> [WHAT YOU WILL DO]:
All lines from the one containing "Varta 57935, 2" through the final line of the listing below, and no others, must be returned exactly; no pictures belong in the copy.
[DATASET EXCERPT Boundary: Start]
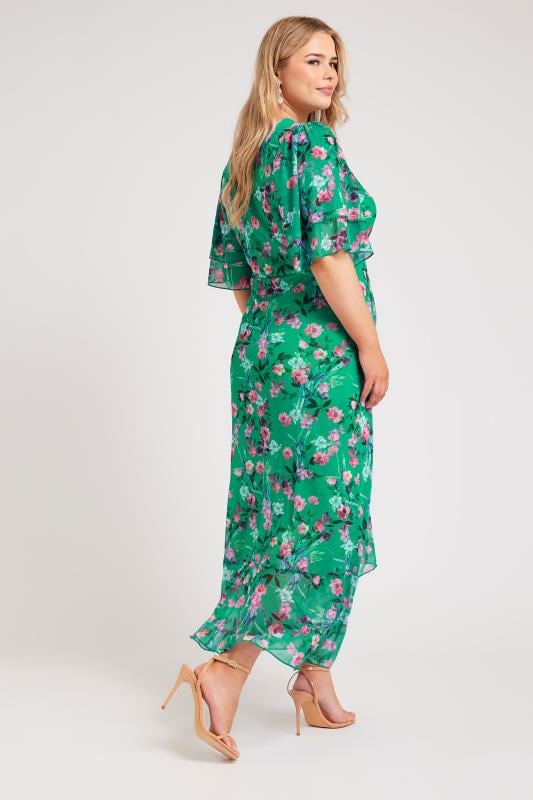YOURS LONDON Curve Green Floral Print Wrap Maxi Dress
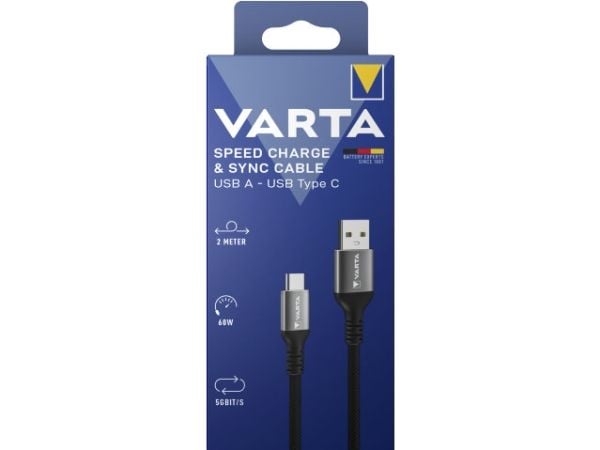 Varta 57935, 2 m, USB A, USB C, 5 Gbit/s, musta, Harmaa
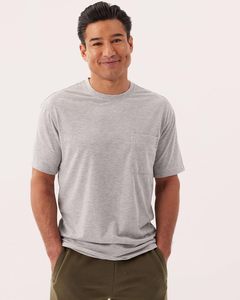 T-shirt à poche pour homme en coton décontracté à col rond à manches courtes uni avec poche poitrine, doux, respirant, coupe régulière, pour tous les jours - Product Image 6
[DATASET EXCERPT Boundary: End]
> [RESPONSE FOR THIS EXERCISE]:
 Varta 57935, 2 m, USB A, USB C, 5 Gbit/s, musta, Harmaa
 T-shirt à poche pour homme en coton décontracté à col rond à manches courtes uni avec poche poitrine, doux, respirant, coupe régulière, pour tous les jours - Product Image 6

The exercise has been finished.